■ Instructions to follow ■
Output the lines of the records from the one containing "eu-LISA Annual Conference" through the last, both ends included. Leave pictures out.

==== Supplied records ====

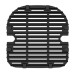 Еър фрайър TEFAL EY505D15 EASY FRY&GRILL 2IN1
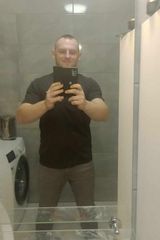 Фотография пользователя RowickiP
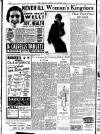 Lancaster Guardian Friday 28 January 1938 Page 16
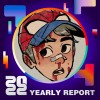 2022 個人年度精選
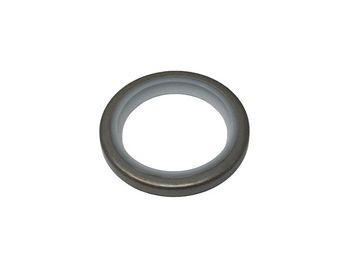 PVE AFTERMARKET - 40X55X6 - PIN SEAL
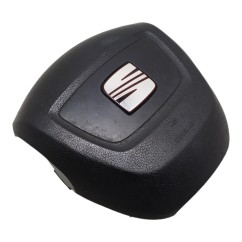 Kit Airbag Completo SEAT Exeo ST 3R5 dal 09 al 13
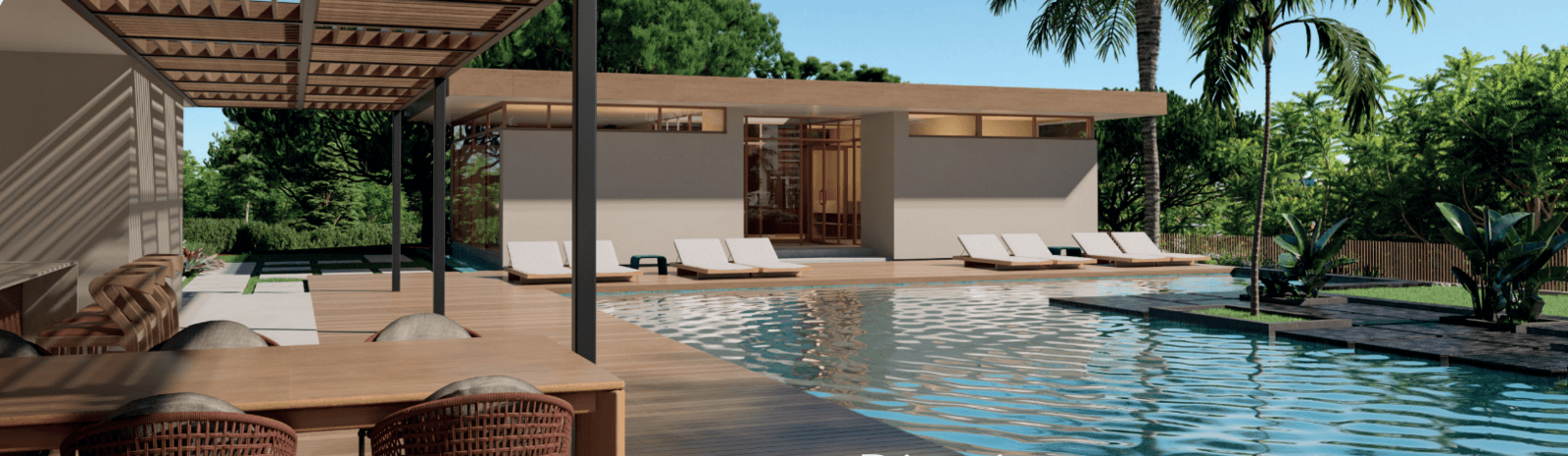3 Bedroom Apartment with swimming pool, Oeiras Centro, Oeiras - Image 21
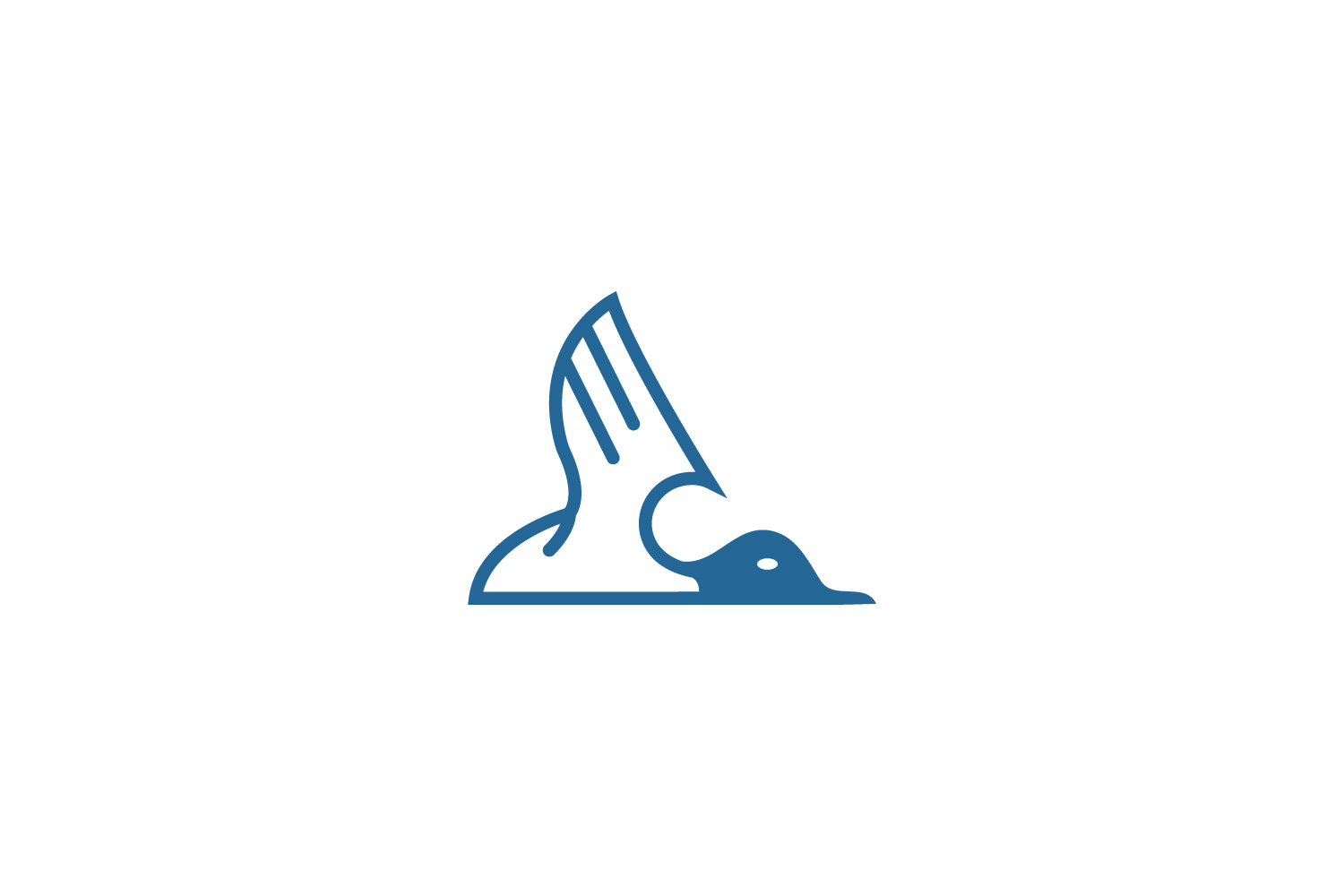 Logo Design by Md Sahab Uddin for Duck Technologies  | Design #33789874
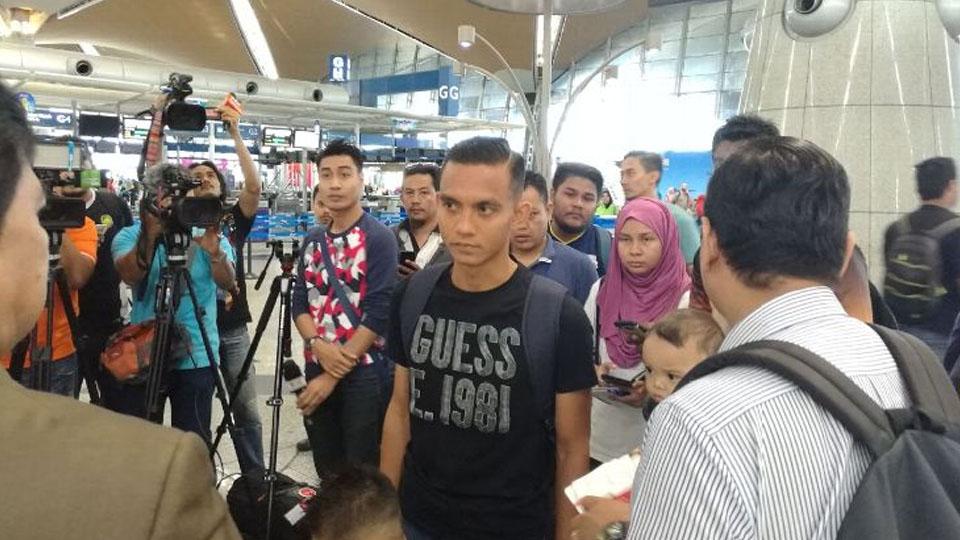 Faiz%20Subri%2C%20pesepakbola%20asal%20Malaysia%20yang%20meraih%20Puskas%20Award%202016.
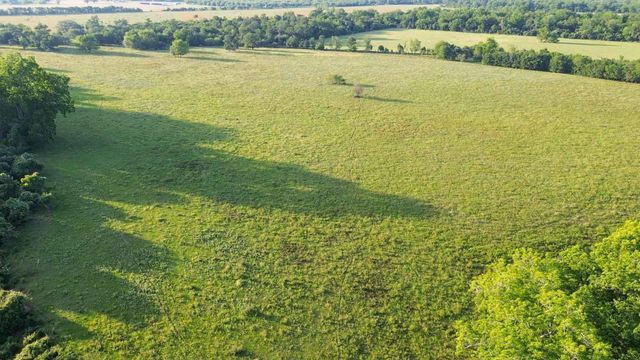 1458 Fm-1458, Pattison, TX 77423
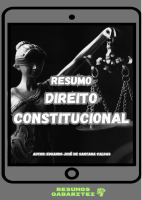 TSE CONSTITUCIONAL.pdf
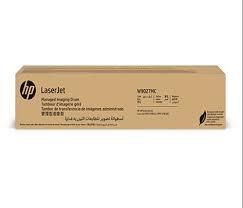HP W9027MC LaserJet CYM Managed Imaging Drum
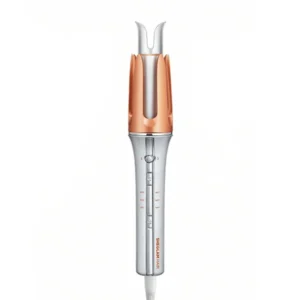 کرلی شیگلم اصلی Curler Sheglam سایز32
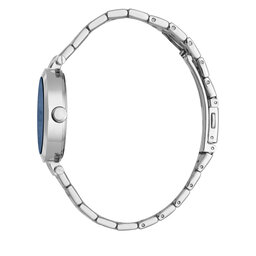 

Годинник Esprit ES1L342M0065 Solver/Silver, Срібний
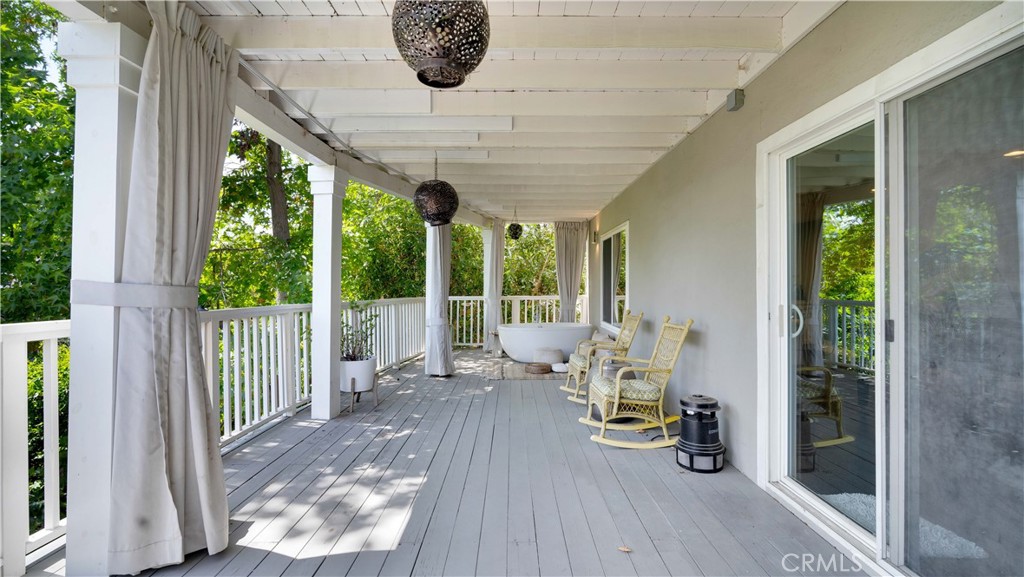 407 Alta Vista Avenue Property Photo 23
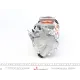 Компресор кондиціонера Citroen Berlingo/Peugeot Partner 1.6HDI 08-
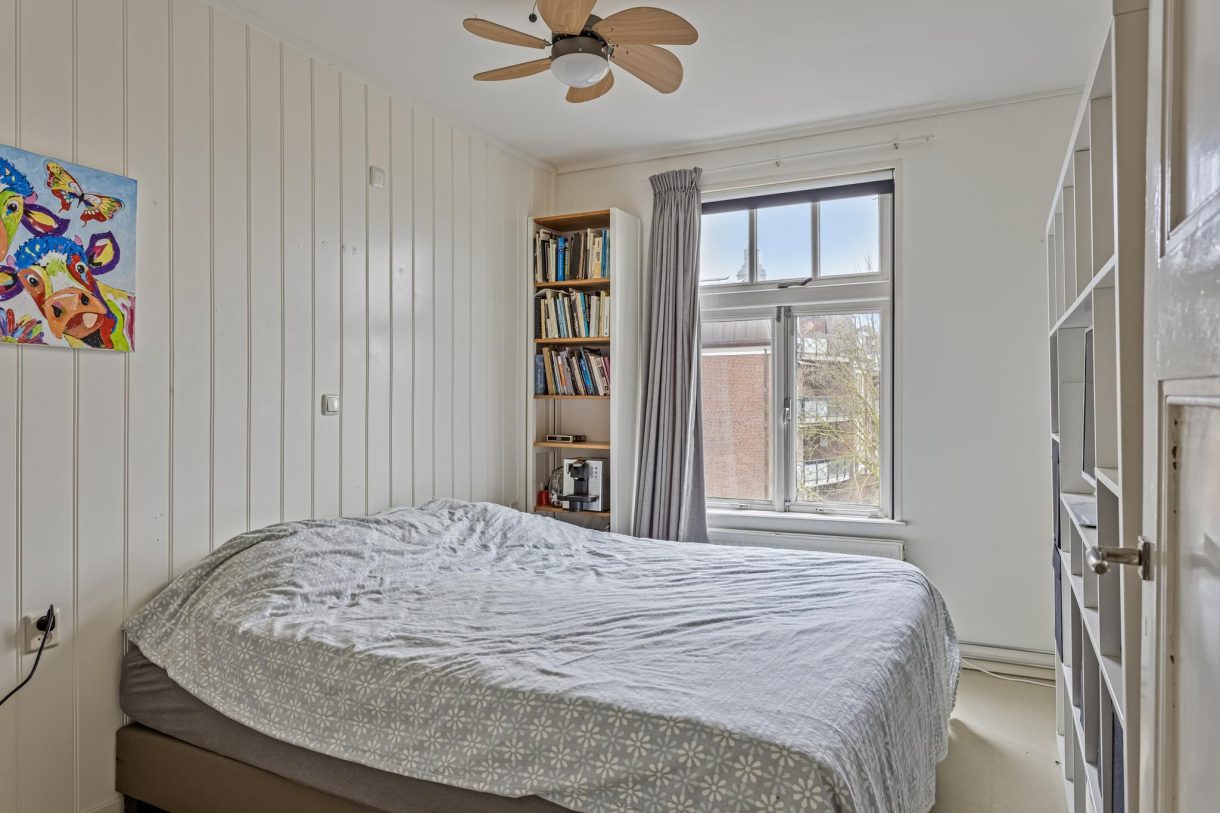 Te koop: Foto Woonhuis aan de Hoornwerk 3 in Zutphen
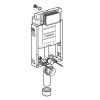 9489 1 geberit kombifix wc modul eco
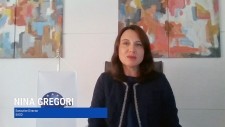 eu-LISA Annual Conference 2021 Towards the Digital Schengen Area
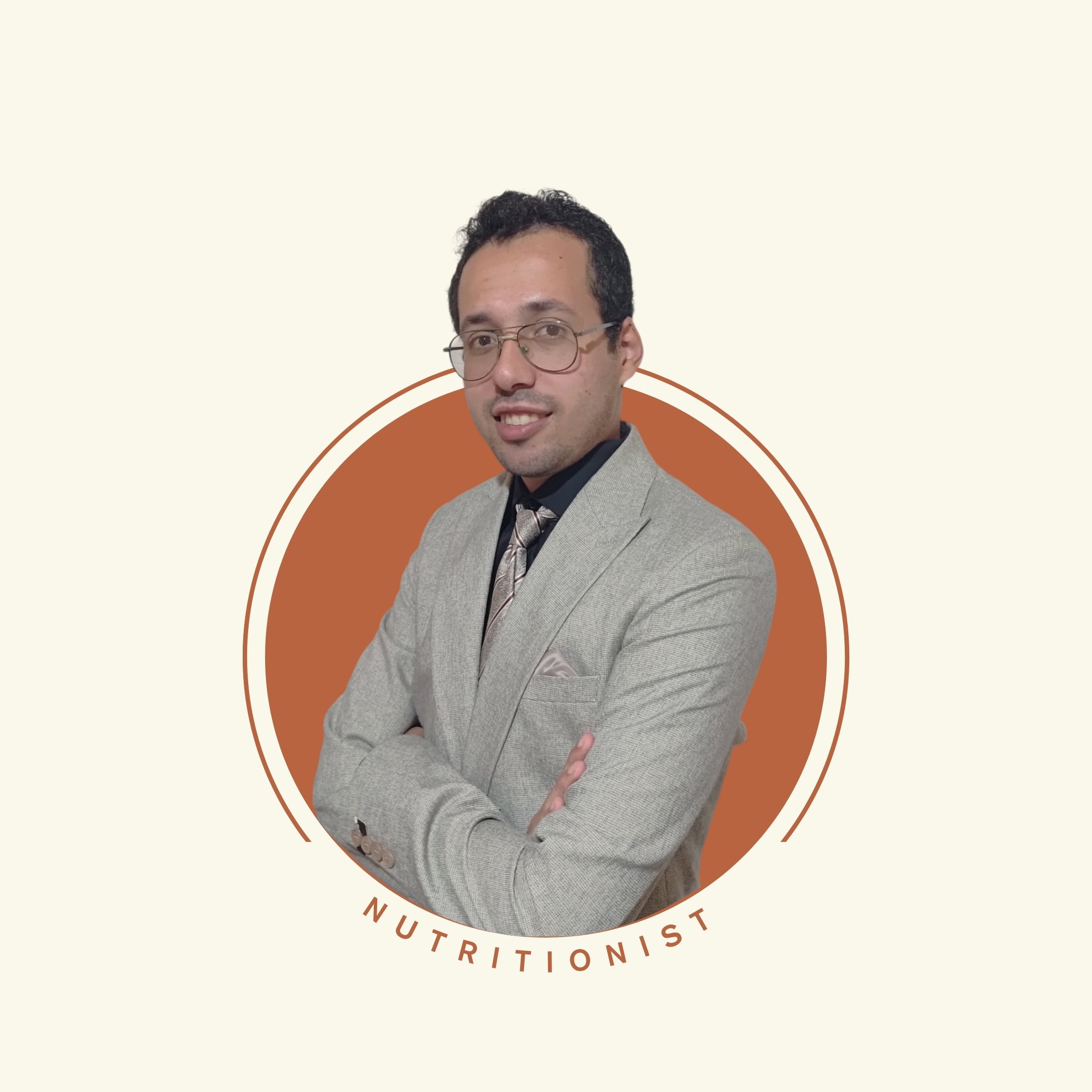 Mustafa Shehab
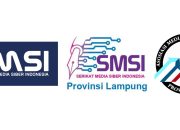 3 Konstituen Dewan Pers di Lampung Bentuk Sekretariat Bersama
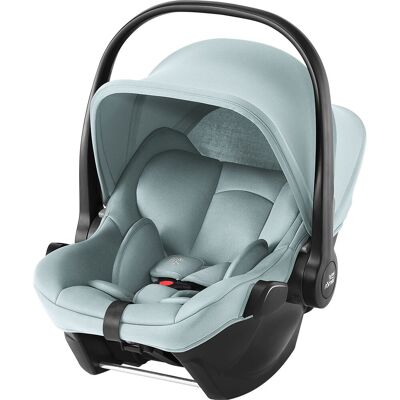 Britax Baby-Safe Core Classic Ocean Britax Baby-Safe Core Classic Ocean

====

■ Final answer ■
 eu-LISA Annual Conference 2021 Towards the Digital Schengen Area
 Mustafa Shehab
 3 Konstituen Dewan Pers di Lampung Bentuk Sekretariat Bersama
 Britax Baby-Safe Core Classic Ocean Britax Baby-Safe Core Classic Ocean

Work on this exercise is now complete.